Willie Underwood III2 

Kelvin A. Moses, MD, PhD1 

1Department of Surgery, Section of Urology, Medical College of Georgia, Georgia Regents University, Augusta, GA, USA

2Department of Urology, Roswell Park Cancer Institute, Buffalo, NY, USA



To analyze the association of marital status and survival of patients with ACC using a population-based database.

Material and Methods:

Patients with ACC were abstracted from the Surveillance Epidemiology and End Results (SEER) database from 1988-2010 (n=1271). Variables included marital status (married vs single/divorced/widowed (SDW)), gender, age, race, tumor (T) and node (N) classification, receipt of surgery, and SEER stage.

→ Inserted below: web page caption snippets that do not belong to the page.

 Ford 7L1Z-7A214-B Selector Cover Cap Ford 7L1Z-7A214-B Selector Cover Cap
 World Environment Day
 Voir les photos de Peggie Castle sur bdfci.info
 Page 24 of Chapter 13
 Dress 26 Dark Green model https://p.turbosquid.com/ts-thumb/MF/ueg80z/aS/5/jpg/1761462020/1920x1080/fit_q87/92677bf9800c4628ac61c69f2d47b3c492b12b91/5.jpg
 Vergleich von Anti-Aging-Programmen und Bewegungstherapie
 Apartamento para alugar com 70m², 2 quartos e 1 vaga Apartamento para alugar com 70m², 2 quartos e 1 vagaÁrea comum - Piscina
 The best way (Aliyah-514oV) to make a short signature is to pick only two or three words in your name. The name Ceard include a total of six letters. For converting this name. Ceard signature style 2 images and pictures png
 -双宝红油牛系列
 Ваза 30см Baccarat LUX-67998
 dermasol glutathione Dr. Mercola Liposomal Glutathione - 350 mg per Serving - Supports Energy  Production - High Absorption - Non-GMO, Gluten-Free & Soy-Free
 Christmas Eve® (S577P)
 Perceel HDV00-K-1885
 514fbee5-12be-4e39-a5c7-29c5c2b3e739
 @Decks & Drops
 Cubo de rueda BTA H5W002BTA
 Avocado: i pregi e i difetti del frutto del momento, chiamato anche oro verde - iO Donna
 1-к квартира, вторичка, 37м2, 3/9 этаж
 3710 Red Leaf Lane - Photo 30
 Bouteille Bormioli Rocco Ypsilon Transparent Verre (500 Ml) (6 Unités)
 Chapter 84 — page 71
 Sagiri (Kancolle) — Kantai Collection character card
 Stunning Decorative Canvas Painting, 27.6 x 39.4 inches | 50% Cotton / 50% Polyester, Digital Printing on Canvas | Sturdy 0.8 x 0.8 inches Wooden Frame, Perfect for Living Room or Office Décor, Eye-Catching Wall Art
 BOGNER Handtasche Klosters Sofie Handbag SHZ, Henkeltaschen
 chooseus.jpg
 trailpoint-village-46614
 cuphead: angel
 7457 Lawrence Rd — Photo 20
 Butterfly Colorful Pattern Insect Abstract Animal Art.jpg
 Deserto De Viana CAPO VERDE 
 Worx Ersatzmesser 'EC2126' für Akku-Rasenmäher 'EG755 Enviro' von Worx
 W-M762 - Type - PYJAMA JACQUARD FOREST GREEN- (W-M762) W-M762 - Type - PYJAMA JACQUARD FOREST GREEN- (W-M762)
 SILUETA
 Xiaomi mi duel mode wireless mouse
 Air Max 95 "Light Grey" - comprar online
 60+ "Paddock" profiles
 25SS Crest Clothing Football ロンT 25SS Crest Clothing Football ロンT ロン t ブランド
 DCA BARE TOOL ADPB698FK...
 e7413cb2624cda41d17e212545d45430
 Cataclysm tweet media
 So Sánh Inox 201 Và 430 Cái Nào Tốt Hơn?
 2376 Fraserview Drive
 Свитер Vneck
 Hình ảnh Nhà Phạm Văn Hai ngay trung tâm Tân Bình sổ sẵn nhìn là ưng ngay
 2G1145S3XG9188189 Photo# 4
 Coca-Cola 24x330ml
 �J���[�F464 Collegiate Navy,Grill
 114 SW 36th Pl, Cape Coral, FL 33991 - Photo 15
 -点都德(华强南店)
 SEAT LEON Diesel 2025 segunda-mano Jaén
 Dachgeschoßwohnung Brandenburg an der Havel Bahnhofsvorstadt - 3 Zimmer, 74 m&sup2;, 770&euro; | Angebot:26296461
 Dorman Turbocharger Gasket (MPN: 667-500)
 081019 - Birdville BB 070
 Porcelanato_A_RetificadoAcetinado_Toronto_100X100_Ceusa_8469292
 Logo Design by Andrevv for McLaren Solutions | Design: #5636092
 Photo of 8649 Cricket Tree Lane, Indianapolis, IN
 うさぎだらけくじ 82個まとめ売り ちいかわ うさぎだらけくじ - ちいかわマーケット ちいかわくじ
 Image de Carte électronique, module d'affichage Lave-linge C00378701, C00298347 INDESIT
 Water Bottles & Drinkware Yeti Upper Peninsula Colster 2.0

Statistical analysis was performed using Cox proportional hazard models to generate hazard ratios and 95% confidence intervals.


There were 728 (57.3%) females and median age was 56 years (IQR 44-66). Patients who were alive were more frequently married (65.6% vs 61.6%, p=0.008), female (61.1% vs 58.0%, p=0.001), younger (median 51 vs 57 years, p=0.0001), submitted to adrenalectomy (88.6% vs 63.8%, p<0.0001), and more favorable SEER stage (localized-64.9% vs 29.9%; regional–25.1% vs 30.1%; distant 4.8% vs 31.5%, p<0.0001) compared to patients dead of disease (DOD). On multivariable analysis, factors significantly associated with all-cause mortality were SDW status (HR 1.28, 95% CI 1.091.51), age, non-operative management, and N+ disease. Risk factors for disease-specific mortality included SDW status (HR 1.30, 95% CI 1.07-1.56), age, non-operative management, T-classification, and N+ disease.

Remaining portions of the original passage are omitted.